◆ **PROBLEM TO WORK ON**
Your task is to copy the data exactly while leaving out every picture.

◆ **MATERIAL FOR THIS TASK**
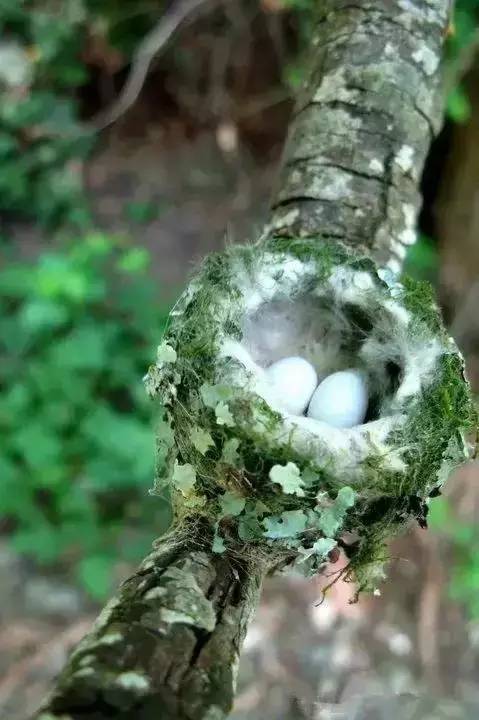 唯美風(fēng)景圖片：春天充滿生機(jī)的鳥語花香！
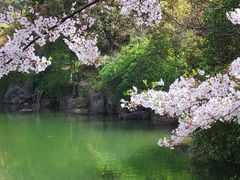 -白马涧龙池景区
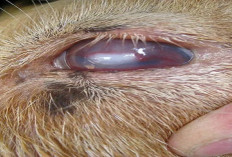 Ampuh! Cara Mengobati Mata Kambing Belekan dan Memutih dengan Obat Alami, Jamin Sehat 100 Persen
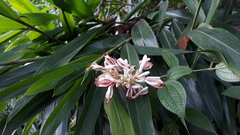 Alpinia calcarata
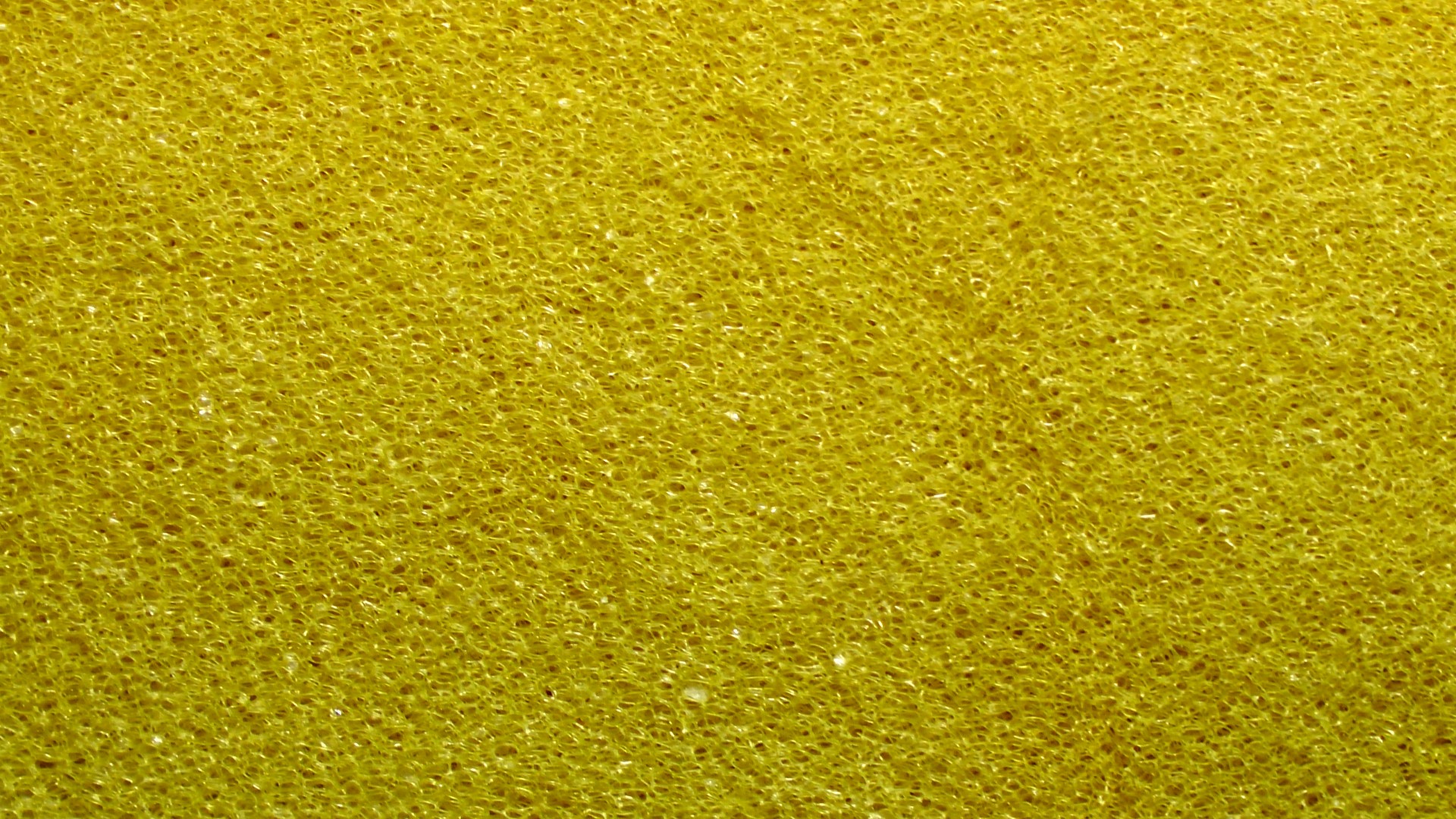 foam background sponge free photo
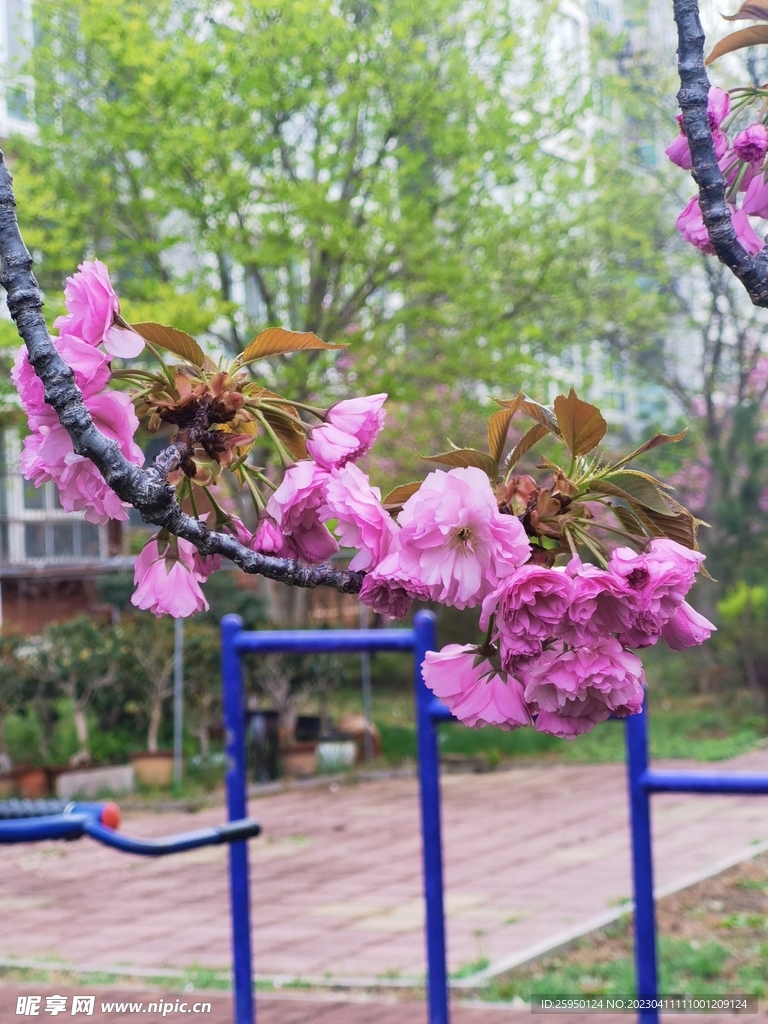 樱花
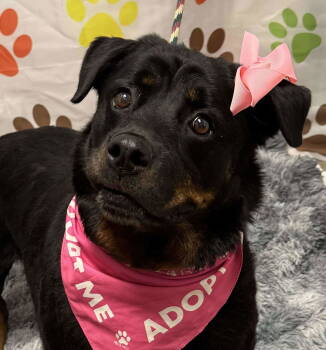 Rescue Rottweiler Dogs for Adoption in Elizabethtown, Pennsylvania - Sierra | PetCurious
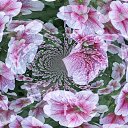  Sebastian, , 54  -  20  2017    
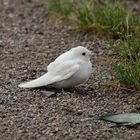 Albino Rauchschwalbe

◆ **OUTPUT OF THE TASK**
 唯美風(fēng)景圖片：春天充滿生機(jī)的鳥語花香！
 -白马涧龙池景区
 Ampuh! Cara Mengobati Mata Kambing Belekan dan Memutih dengan Obat Alami, Jamin Sehat 100 Persen
 Alpinia calcarata
 foam background sponge free photo
 樱花
 Rescue Rottweiler Dogs for Adoption in Elizabethtown, Pennsylvania - Sierra | PetCurious
  Sebastian, , 54  -  20  2017    
 Albino Rauchschwalbe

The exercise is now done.